In the United States, short-term investors' optimism about the economy and the stock market dropped from 58% in May to 39% and 37% respectively. If the market drops further 10%, young investors (millennials and younger investors -38%) are more likely to increase their investment allocation to the market than older investors (baby boomers and older investors-18%). Looking ahead to the mid-term elections, the issues that American high-net-worth investors are most concerned about are the economy (85%), followed by health care (74%), taxation (72%) and social security (7 1%).

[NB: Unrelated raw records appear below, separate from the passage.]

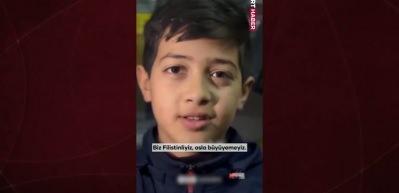 Filistinli &ccedil;ocuğun mesajı d&uuml;nyayı sardı! Jackie Chan: O an g&ouml;zyaşlarım akmaya başladı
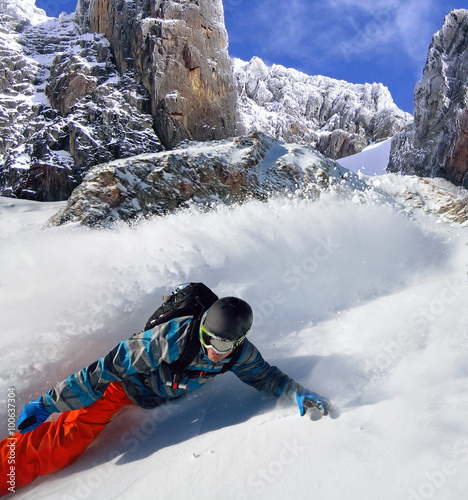 Plakat Snowboardzista darmo jeździec w górach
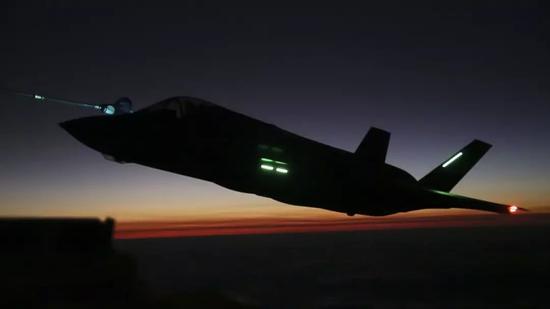 夜间空中加油需要灯光照明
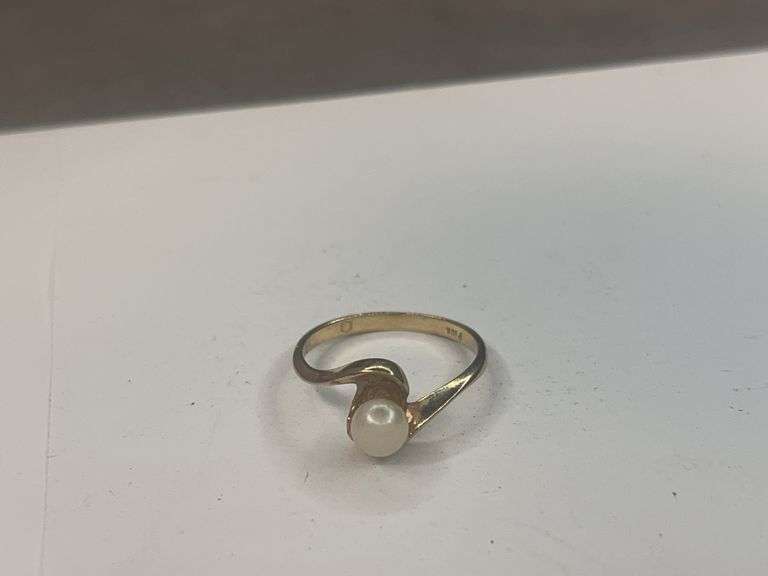 10K Gold Ring, Size 6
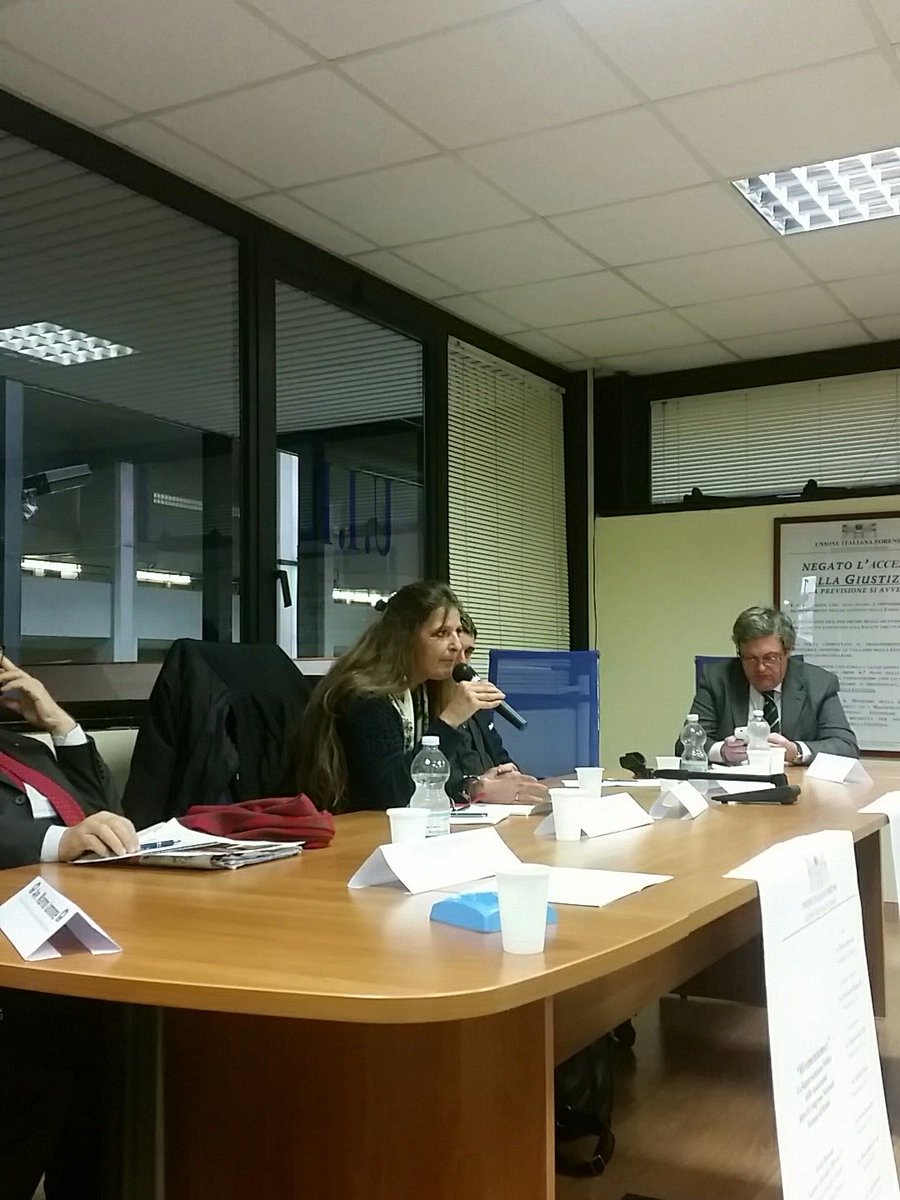 Convegno Movimentiamoci #rappresentanzaassociazioni <a href="/WebRadio_IusLaw/">webradio_iuslaw</a> <a href="/OUAorganismoavv/">O. U. Avvocatura</a> <a href="/CNF_it/">Consiglio Nazionale Forense</a> 
<a href="/UIFNapoli/">UIF Napoli</a>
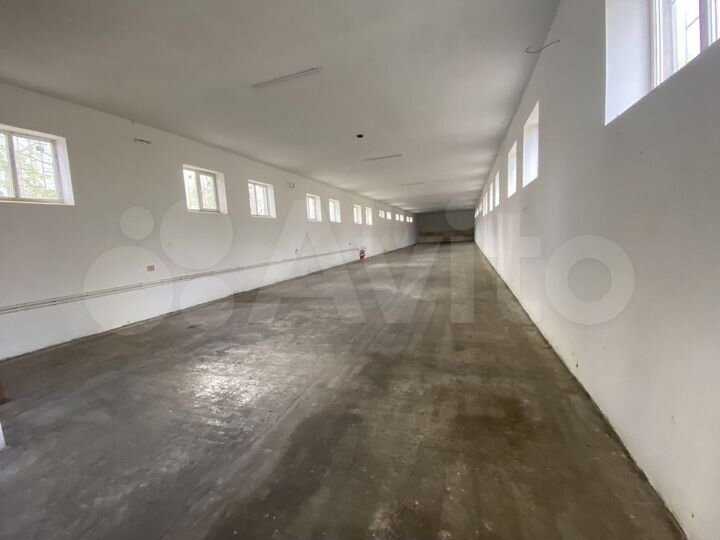 Склад, 580 м²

Trillion long-term investment giants continue to increase their positions in China

The two international ETFs under the Capital Group, which Fund Jun keeps paying attention to, continue to increase their positions in China under the uncertainty.

Capital Group, an American asset management organization headquartered in Los Angeles, is famous for its active stock selection, long-term investment and multi-fund manager joint management system, with the latest management scale reaching 2.6 trillion US dollars. It is one of the most respected global asset management institutions in domestic public offering and private offering. At the end of February this year, the Capital Group launched six actively managed ETFs. Five of them are only stock products, and 1 is a fixed income product. Of the five stock products, three are invested in the US market and two are invested in global markets including China market.